Il cinema di serie B è sempre stato la palestra, dove molte idee venivano consumate oppure allenate, prima di arrivare nel caso, ad essere usate in serie A. Lo stesso nome “B-Movie” deriva dal film B, il secondo programmato in un doppio spettacolo dopo il film A, quello di punta, in grado di attirare il pubblico con gli attori famosi. Serie A e serie B, eterni vicini di casa come Rick Dalton e Sharon Tate.

Quindici anni di allenamento immaginario, possono essere d’aiuto nella vita reale? (Cit.)

Quando ha la possibilità di farlo Tarantino porta avanti la sua crociata, usare il cinema per migliorare sul grande schermo qualche torto (e uccidere qualche membro del KKK grazie ad un Django nero. La “D” è muta), oppure fare ancora di più: ribadire che per lui il Cinema è più forte anche della storia stessa. Quindi, se dopo “Bastardi senza gloria” (2009) tanti miei colleghi sono venuti a dirmi che non si ricordavano che Hitler fosse morto così (storia vera. Storia tristemente vera!) qui Tarantino si ripete e usa il Cinema per correggere uno degli atti più brutali mai compiuti dall’umanità, talmente violento, da dare il via ad un decennio cinematografico arrabbiato e pieno di disillusione come gli anni ’70 della New Hollywood al cinema.
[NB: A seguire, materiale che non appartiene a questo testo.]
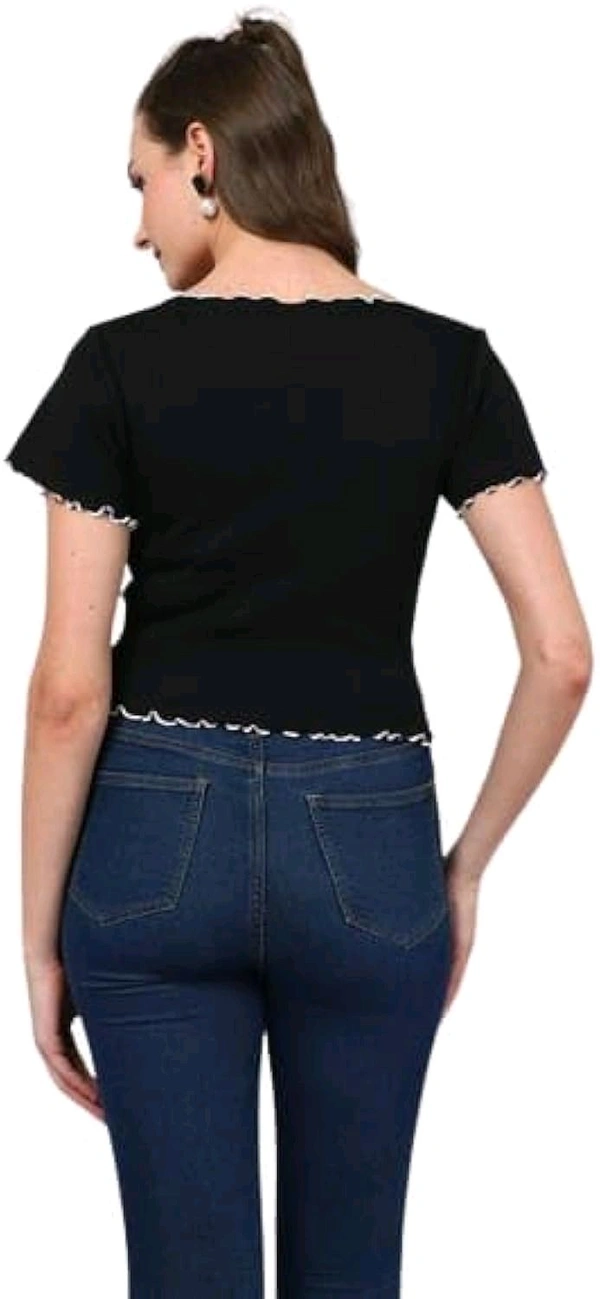 Casual Regular Sleeves Self Design Women Pink Top - Black, M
Charlie don’t surf. Tanto per citare un film disilluso degli anni ’70.

Cosa utilizza per farlo Tarantino? Il Cinema di serie A? No no, usa proprio quello tanto bistrattato di serie B, rappresentato dai talenti e dal Pittbull di Cliff (che in una scena piuttosto grossolana ha inspiegabilmente il pene… Il cane Brandy, non Cliff Booth. Un errore degno dei B-Movies) e il lanciafiamme di Rick Dalton. In una scena che risulta tragica e comica in parti uguali, in base alla vostra sensibilità ed ora che siamo tra di noi nella zona in cui nessuno teme la anticipazioni posso dirvelo, quelle famose undici parole con cui riassumere tutto il film sono queste: “Un attore quasi fallito e la sua controfigura salvano Sharon Tate”. Che volendo potrebbero diventare quattordici se volessimo aggiungere alla fine “Con un lanciafiamme”. Fine SPOILER!

«Ti rendi conto? Persino Cassidy riesce a riassumerlo questo film e Tarantino no!»

Tarantino, come tutti cresciuti con Sergio (non Corbucci), sa che i film di ampio respiro che contano devono intitolarsi come una favola (infatti è lui che all’amico Rodriguez ha suggerito il titolo per il finale della sua trilogia su El Marichi, storia vera) e in questo caso proprio di questo parliamo, una favola in cui la serie B si erge un po’ sgangherata, sbronza e strapiena di Margarita a scudo per proteggere la serie A. Potete immaginare quanto tutto questo possa aver presa su un ragazzo come me, con una certa predisposizione per il cinema di genere, che non fa differenze nel dividere la sua passione tra film “alti” e pellicole “basse”.

Pensare che ero anche un po’ pronto a dare addosso a Tarantino e al suo post modernismo sfrenato, invece niente, anche questa volta ha avuto ragione lui, anche se quella di Bruce Lee non so se te la perdono Quentin. Inizia a farmi arrivare a casa un lanciafiamme da tenere nello sgabuzzino, poi vediamo come andrà.